As in most of Ibsen’s problem plays, Ghosts begins at the collective climax in the lives of its characters. The play deals only with the consequences of these past lives and does not need to take place in more than one twenty-four hour vigil. Although the relationships among the characters are close and lifelong, only the crowding of emotions and events within these three acts forces each one to face the truth about himself and about his society.

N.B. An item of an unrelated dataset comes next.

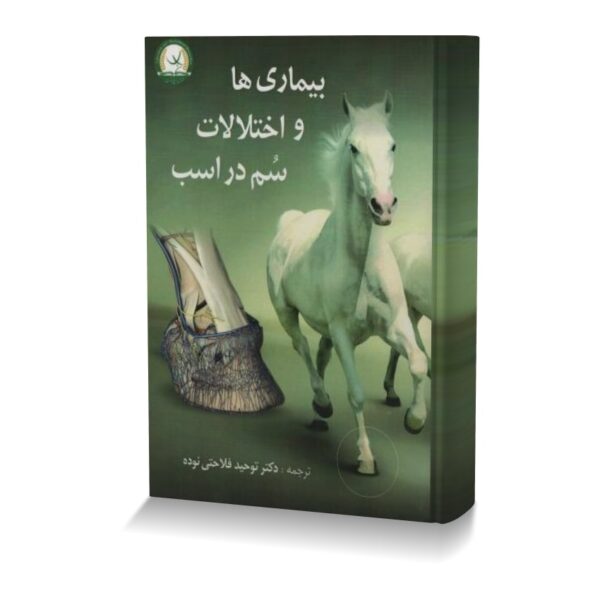 بیماری ها و اختلالات سم در اسب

Unlike A Doll’s House, where there are servants and a sub-plot between Krogstad and Mrs. Linde, only five characters appear in Ghosts. No one is included who has not a place in the main action itself. In this way, an atmosphere of austere grandeur is given to the whole drama providing it with an intensity suggestive of classical plays. Professor Koht describes the play’s further relationship to ancient drama for Greek tragedy, often called the fate, or family drama, shows a tragic flaw inherited through the generations. Ghosts is also a “family tragedy,” he writes, “but it is also a social drama — the ancient tragedy resurrected on modern soil.”
Captain Alving’s character bears this out. The source of the hereditary flaw which destroys his children, his presence pervades each scene of Ghosts. As each living character illuminates the nature of the diseased profligate, he finally stands as clearly and as well-drawn to the audience as if he were constantly active on stage. Almost as a “secondary” protagonist, Alving undergoes a change of character until he is presented to the spectator as an individual whom society has wronged. Finally, when Mrs. Alving recognizes how she destroyed his “joy of life,” the dead husband is no longer a ghost, but a humanized victim of the social conventions.